Task statement: What is needed is an exact reproduction of the listing, without its pictures.

Supplied material below:

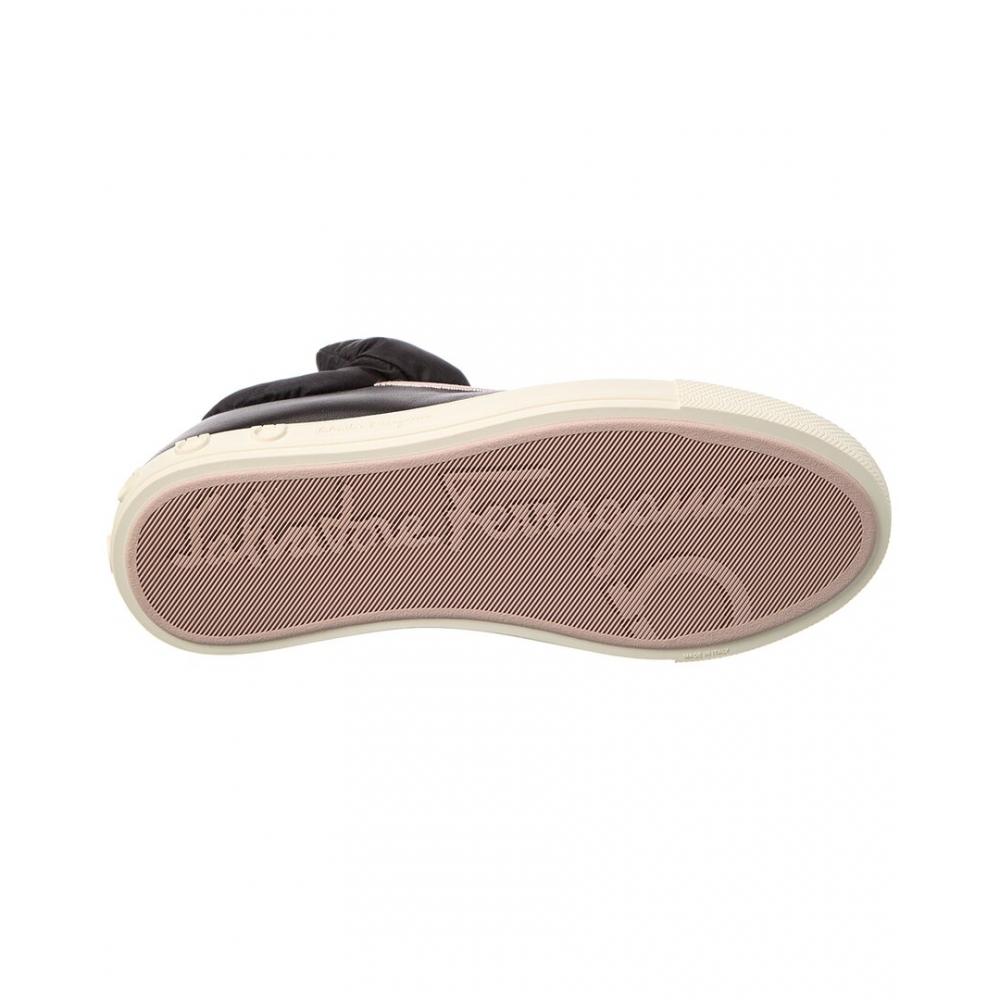 Salvatore Ferragamo Ferragamo Ramona Leather Sneaker Black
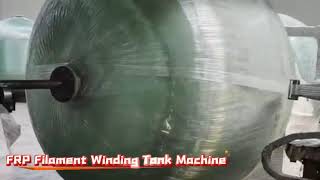 FRP Tank Filament Winding Machine [upl. by Nylazor]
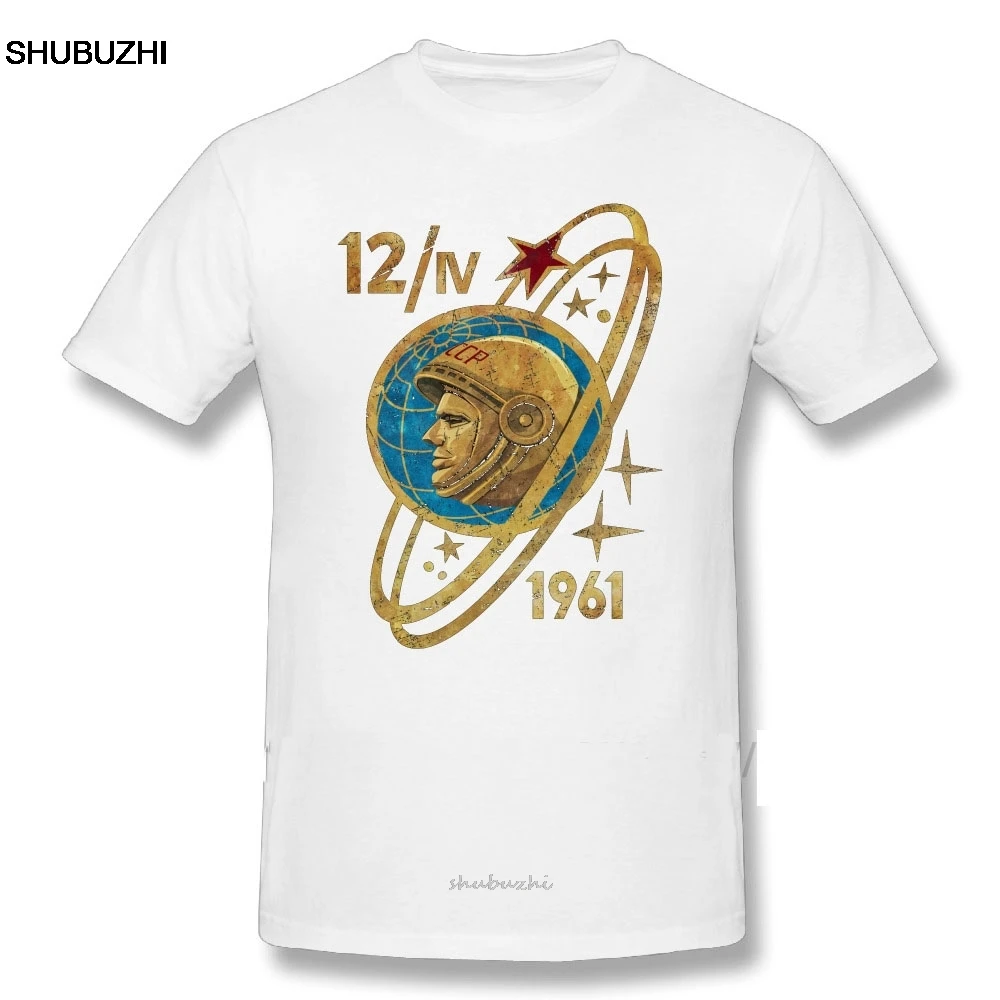 Camiseta de manga corta para hombre, ropa de marca personalizada, cosmonautas Soviética, Rusia, CCCP, Yuri Gagarin, 3XL, 1961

End of Supplied material.

Response:
 Salvatore Ferragamo Ferragamo Ramona Leather Sneaker Black
 FRP Tank Filament Winding Machine [upl. by Nylazor]
 Camiseta de manga corta para hombre, ropa de marca personalizada, cosmonautas Soviética, Rusia, CCCP, Yuri Gagarin, 3XL, 1961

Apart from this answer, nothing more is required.